X is the original value,
μ is the mean of the feature,
σ is the standard deviation.

Advantages

It handles features with different units effectively.
It reduces impact of outliers without completely removing them.

Disadvantages

It is sensitive to outliers and extreme values can skew mean and standard deviation which leads to poor scaling.
It is not ideal for non-normal distributions.

2. MinMaxScaler

MinMaxScaler scales all data features in range [0, 1] or else in range [-1, 1] if there are negative values are present in the dataset. Use it when our data does not follow a normal distribution or when we need scaled data for algorithms like decision trees, k-nearest neighbors or support vector machines. It gives best results when outliers are minimal or absent as it is sensitive to extreme values.

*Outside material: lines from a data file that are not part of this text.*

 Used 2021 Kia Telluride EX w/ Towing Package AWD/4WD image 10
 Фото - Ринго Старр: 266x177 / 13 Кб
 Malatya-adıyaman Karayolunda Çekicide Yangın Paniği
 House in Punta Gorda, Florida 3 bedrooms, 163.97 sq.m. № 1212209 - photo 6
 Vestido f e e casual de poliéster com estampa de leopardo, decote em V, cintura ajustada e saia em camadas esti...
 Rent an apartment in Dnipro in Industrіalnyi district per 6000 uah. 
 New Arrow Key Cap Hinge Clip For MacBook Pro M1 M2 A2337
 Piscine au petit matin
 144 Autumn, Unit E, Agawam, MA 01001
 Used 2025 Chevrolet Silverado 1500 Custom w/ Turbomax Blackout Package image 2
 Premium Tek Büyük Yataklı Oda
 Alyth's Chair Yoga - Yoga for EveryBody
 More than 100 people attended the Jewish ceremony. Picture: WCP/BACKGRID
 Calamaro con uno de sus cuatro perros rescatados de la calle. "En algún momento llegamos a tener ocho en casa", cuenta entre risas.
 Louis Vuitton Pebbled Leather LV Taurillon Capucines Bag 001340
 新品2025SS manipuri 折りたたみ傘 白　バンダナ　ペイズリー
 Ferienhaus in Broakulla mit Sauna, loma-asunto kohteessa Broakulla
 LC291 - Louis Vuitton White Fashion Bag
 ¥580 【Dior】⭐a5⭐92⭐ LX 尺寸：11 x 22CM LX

It scales data to a fixed range (typically [0, 1]) by subtracting minimum value and dividing by the range (max - min) which ensures all feature values lies within specified range.

X_{\text{scaled}} = \frac{X - X_{\min}}{X_{\max} - X_{\min}}

Where:

X is the original value
X_{\min} is the minimum value of the feature
X_{\max}is the maximum value of the feature

Advantages

It ensures that all features have same scale.
It is simple and easy to interpret.

Disadvantages

It is sensitive to outliers and the extreme values can distort scaling which makes most data points cluster near 0 or 1.
Fixed range limits flexibility for datasets with changing scales.

3. RobustScaler

RobustScaler reduces the impact of outliers by scaling data using median and interquartile range (IQR) which makes it fit to extreme values. We use it when our data contains many outliers and we need to maintain relative distances between non-outlier data points or we’re working with algorithms which are sensitive to extreme values.

It subtracts median of data and divides by interquartile range (IQR) which helps in reducing the effect of outliers while maintaining distribution of non-outlier values. The median and IQR are stored during fitting so they can be applied to future data using the transform method.

X_{\text{scaled}} = \frac{X - Q_1}{Q_3 - Q_1}

Where:

X is the original value
Q_1 is the first quartile (25th percentile)
Q_3 is the third quartile (75th percentile)

Advantages

It is resistant to outliers.
It maintains the structure of data and it is better than MinMaxScaler in the presence of extreme values.

Disadvantages

This may not perform well when data is highly skewed.
It is less interpretable compared to MinMaxScaler.

Implementing Comparison between StandardScaler, MinMaxScaler and RobustScaler.

We will be using Pandas, Numpy, Matplotlib, sklearn and Seaborn libraries for this implementation.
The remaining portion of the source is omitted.